In his own day, Schubert was filed prematurely under “recondite,” and so after the publication of his first two early sonatas he dove headlong into his crowning Winterreise, producing also in that period the Moments musicaux (see ECM New Series 2425/26) and the first Impromptus D 899. The latter were never meant to be concert pieces. “And even if we play them in a large hall today,” Schiff insists, “we have to transform that space into an intimate space.” Schiff does that, and more, in his renderings of these mosaics. From the light-footed highs to the surface-level lows and the heavenly mids between them, Schiff achieves a striking balance and dynamic spread on the Franz Brodmann fortepiano, built in Vienna circa 1820, which makes its recording debut here. In the first impromptu especially, one hears a mind thinking aloud in words that can only be captured in their absence. In place of letters, Schubert writes with feelings—not impressions, but fully formed emotional landscapes. As lines diverge, Schiff handles their individuality with surgical care. In both the second and third impromptus, he carries across a sense of water running through a forest, while in the last enhancing the modesty reflected in the epigraph above.

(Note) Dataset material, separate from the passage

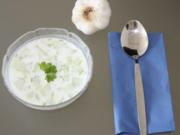 "Tarator" kalte bulgarische Joghurtsuppe mit Gurken - Rezept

The Sonata in c minor D 958 was written in 1828, just two months before Schubert’s death. Its Allegro plunges us into a world all its own, crafted as much by shadow as by light. Schiff’s rhythmic sensitivity is righteously attuned and reveals a difference of reiteration rarely matched. The mournful Adagio finds its promise fulfilled by asking for no promise to be fulfilled. Its eternal spiral of questioning and answering becomes a private dialogue for composer and performer alike. A Menuett gives us respite from the weight of darkness, turning to a memory as a rift in the fabric of time that cannot be brought closer no matter how far we reach. The final Allegro, which Schiff calls a “dance of death,” is a mad, desperate rush into turbulent night. At any given moment, it threatens to unchain itself, but manages to hold its integrity, even as it unspools to a thread of its former glory.

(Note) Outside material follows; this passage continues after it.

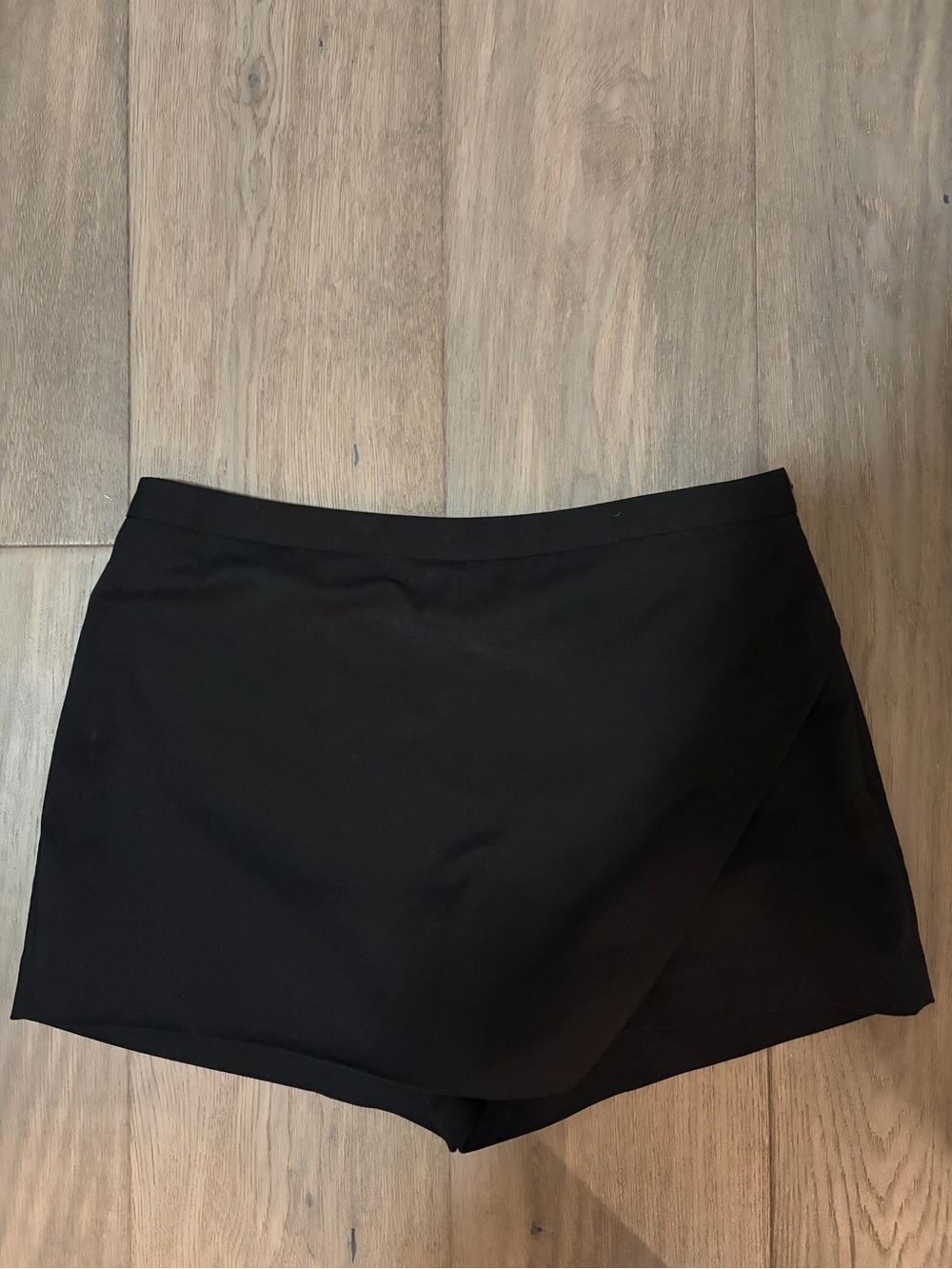 Babaton Black Wrap-Front Skort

The Three Piano Pieces D 946, essentially impromptus by another name, are among Schubert’s most adroit. The first of these, in e-flat minor, appeared at Schiff’s fingers previously on ECM in his Encores After Beethoven, and enthralls even more in the present rendition. This piece has it all: drama and introspection, virtuosity and humility, life and death. The second is an inversion of the first, achieving some of its densest textures in the middle between a head and tail of airy resolution, while the final impromptu jumps through one thematic hoop after another until it sticks its landing perfectly.

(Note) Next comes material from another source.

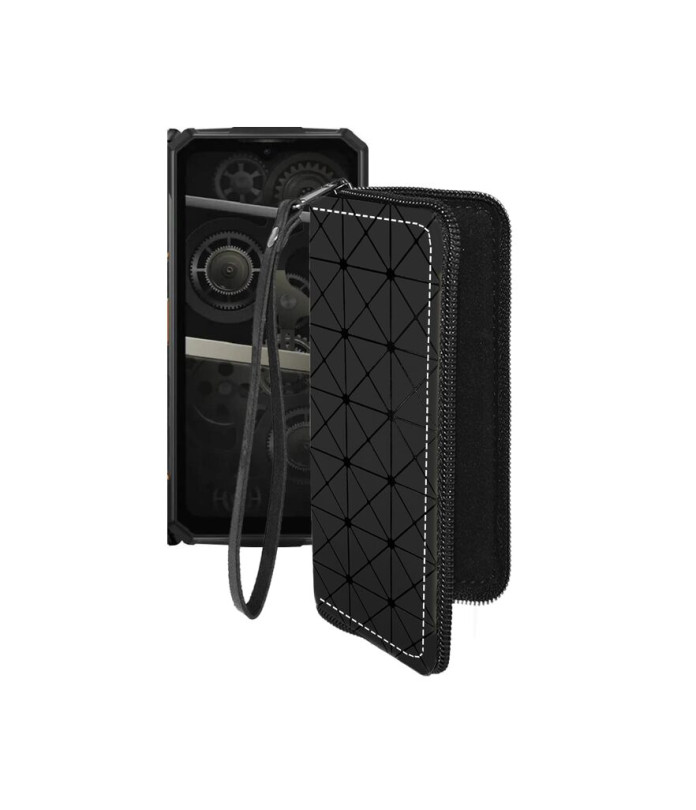 Чохол-гаманець з екошкіри для телефону Doogee Fire 5 Ultra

Schiff is keen to observe that Schubert, even in his brief life, wrote more than 600 lieder for piano and voice, and that even when writing for solo piano “the human voice and the song are always present.” His magnum opus, the Sonata in A Major D 959, is proof positive of this effect and is alone worth the price of admission. Its gargantuan opening is the science of poetry incarnate. At nearly 16 minutes, it floats two images for each one it sinks, and leaves us tenderized for the lachrymose Andantino that follows. If any single movement can be exhibited as proof of the fortepiano’s capabilities, this would be it. From whispers to thunder, it encompasses the full gamut with breadth of mind, and Schiff understands its mechanical heart as his own. The mood is so intense that the Scherzo opens a portal from one end of life to the other, bleeding into the concluding Rondo as if time itself were a physical substance to be waded through on the way to eternity.

As Misha Donat writes in his liner essay, “In the beauty of his material and the magical effects of elliptical key change…it must be said that Schubert actually surpassed his model.” But perhaps their relationship isn’t so much temporal as spatial, for while Schubert had himself buried close to Beethoven, the two would seem to converse from atop distant mountains even as performers of their music try to hang-glide along the currents between them without falling. And while it’s tempting to imagine what Schubert might have written had he lived beyond the tragic age of 31, that his flame caught hold of its worldly wick for as long as it did should be enough to validate the gift of its light.